____ Exercise inputs
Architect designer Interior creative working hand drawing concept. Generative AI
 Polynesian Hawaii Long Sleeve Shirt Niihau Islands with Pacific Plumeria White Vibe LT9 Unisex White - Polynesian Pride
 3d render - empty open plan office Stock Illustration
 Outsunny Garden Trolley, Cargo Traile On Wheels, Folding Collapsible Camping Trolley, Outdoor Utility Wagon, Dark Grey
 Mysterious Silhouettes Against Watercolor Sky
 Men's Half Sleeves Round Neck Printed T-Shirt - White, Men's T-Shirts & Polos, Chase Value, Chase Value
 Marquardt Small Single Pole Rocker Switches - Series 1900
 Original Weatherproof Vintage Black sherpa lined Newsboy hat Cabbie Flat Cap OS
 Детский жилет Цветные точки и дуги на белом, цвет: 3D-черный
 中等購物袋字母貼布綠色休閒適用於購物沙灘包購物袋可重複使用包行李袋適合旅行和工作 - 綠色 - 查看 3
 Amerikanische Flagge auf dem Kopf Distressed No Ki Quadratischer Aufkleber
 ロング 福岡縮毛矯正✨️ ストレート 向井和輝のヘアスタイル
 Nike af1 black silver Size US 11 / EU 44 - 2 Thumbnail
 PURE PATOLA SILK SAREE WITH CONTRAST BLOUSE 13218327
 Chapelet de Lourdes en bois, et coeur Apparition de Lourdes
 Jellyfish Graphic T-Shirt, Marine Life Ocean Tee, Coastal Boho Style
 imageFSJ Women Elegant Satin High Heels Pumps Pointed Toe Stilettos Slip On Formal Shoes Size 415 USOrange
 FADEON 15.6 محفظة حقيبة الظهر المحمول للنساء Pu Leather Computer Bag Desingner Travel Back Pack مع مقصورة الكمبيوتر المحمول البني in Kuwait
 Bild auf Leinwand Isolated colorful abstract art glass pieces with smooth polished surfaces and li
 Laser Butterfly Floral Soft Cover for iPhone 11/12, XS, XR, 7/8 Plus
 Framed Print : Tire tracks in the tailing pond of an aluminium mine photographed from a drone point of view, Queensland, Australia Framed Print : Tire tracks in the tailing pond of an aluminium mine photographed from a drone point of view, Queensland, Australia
________
» **Problem description**: Look above for the line containing "Outsunny Garden Trolley, Cargo" and the line containing "Chapelet de Lourdes". Transcribe both, with the lines between them, exactly.

» **Answer area**:
 Outsunny Garden Trolley, Cargo Traile On Wheels, Folding Collapsible Camping Trolley, Outdoor Utility Wagon, Dark Grey
 Mysterious Silhouettes Against Watercolor Sky
 Men's Half Sleeves Round Neck Printed T-Shirt - White, Men's T-Shirts & Polos, Chase Value, Chase Value
 Marquardt Small Single Pole Rocker Switches - Series 1900
 Original Weatherproof Vintage Black sherpa lined Newsboy hat Cabbie Flat Cap OS
 Детский жилет Цветные точки и дуги на белом, цвет: 3D-черный
 中等購物袋字母貼布綠色休閒適用於購物沙灘包購物袋可重複使用包行李袋適合旅行和工作 - 綠色 - 查看 3
 Amerikanische Flagge auf dem Kopf Distressed No Ki Quadratischer Aufkleber
 ロング 福岡縮毛矯正✨️ ストレート 向井和輝のヘアスタイル
 Nike af1 black silver Size US 11 / EU 44 - 2 Thumbnail
 PURE PATOLA SILK SAREE WITH CONTRAST BLOUSE 13218327
 Chapelet de Lourdes en bois, et coeur Apparition de Lourdes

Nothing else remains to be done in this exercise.